Ever on the forefront of consumer privacy protection, California is again making news in the privacy world with the California Attorney General’s recent publication of “Privacy on the Go: Recommendations for the Mobile Ecosystem,” which includes privacy recommendations for app developers, app platform providers, mobile ad networks, makers of operating systems and mobile carriers.  With this publication, California joins the FTC and the GSMA as entities that have published non-binding guidance with respect to mobile privacy (which we blogged about here and here, respectively).

In the publication, the Attorney General notes that these recommendations often “. . . offer greater protection than afforded by existing law, [and] are intended to encourage all players in the mobile marketplace to consider privacy implications at the outset of the design process.”  The report outlines the following specific recommendations:

For App Developers:

  • Start with a data checklist to review the personally identifiable data your app could collect and use it to make decisions on your privacy practices.
  • Be transparent with respect to your privacy practices.
  • Avoid or limit collecting or retaining personally identifiable data not needed for your app’s basic functionality.
  • Give users access to personally identifiable data the app collects and retains about them.
  • Use security safeguards.
  • Be accountable for compliance with applicable laws.
  • Develop a privacy policy that is clear, accurate, and conspicuously accessible to users and potential users.  
  • Use enhanced measures – “special notices” or the combination of a short privacy statement and privacy controls – to draw users’ attention to data practices that maybe unexpected and to enable them to make meaningful choices.

For App Platform Providers:

  • Make app privacy policies accessible from the app platform so that they may be reviewed before a user downloads an app.
  • Use the platform to educate users on mobile privacy.

For Mobile Ad Networks:

  • Avoid using out-of-app ads that are delivered by modifying browser settings or placing icons on the mobile desktop.
  • Have a privacy policy and provide it to the app developers who will enable the delivery of targeted ads through your network.
  • Move away from the use of unchangeable device-specific identifiers and transition to app-specific or temporary device identifiers.

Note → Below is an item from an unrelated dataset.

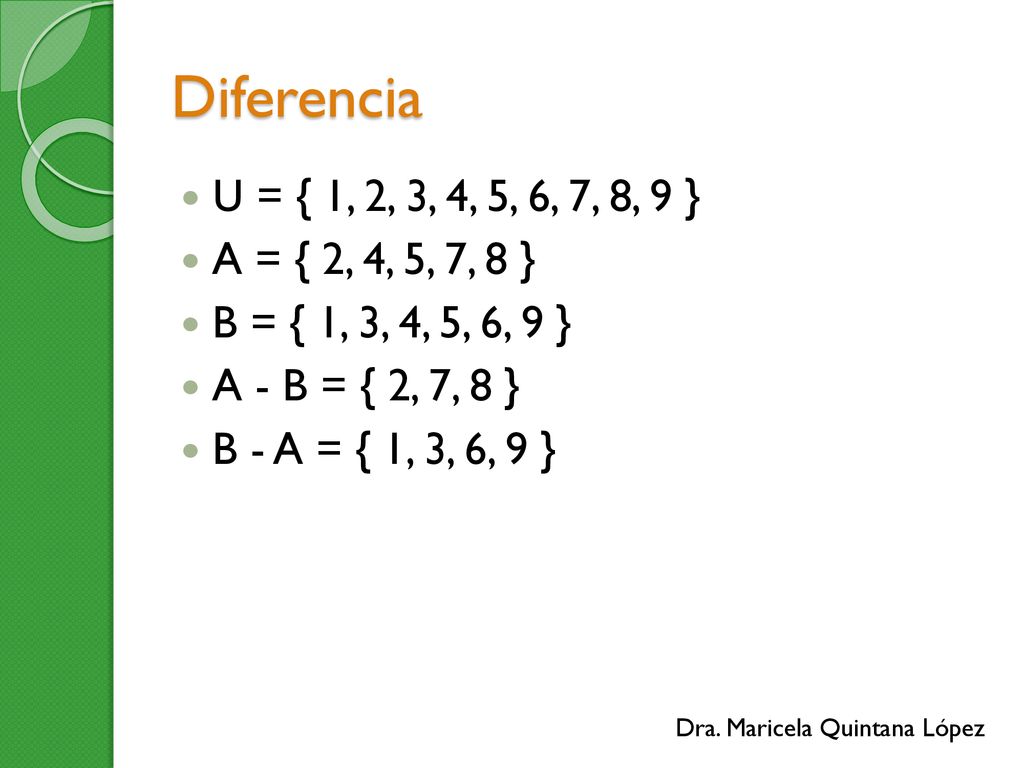 Diferencia U = { 1, 2, 3, 4, 5, 6, 7, 8, 9 } A = { 2, 4, 5, 7, 8 } B = { 1, 3, 4, 5, 6, 9 } A - B = { 2, 7, 8 }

For Operating System Developers:

  • Develop global privacy settings that allow users to control the data and device features accessible to apps.

For Mobile Carriers:

  • Leverage your ongoing relationship with mobile customers to educate them on mobile privacy and particularly on children’s privacy.

While the California Attorney General acknowledges that the recommendations are just that – recommendations – it is clear that as “smart phones” become ubiquitous, more federal and state regulation will impact, in one way or another, all participants in the mobile ecosystem.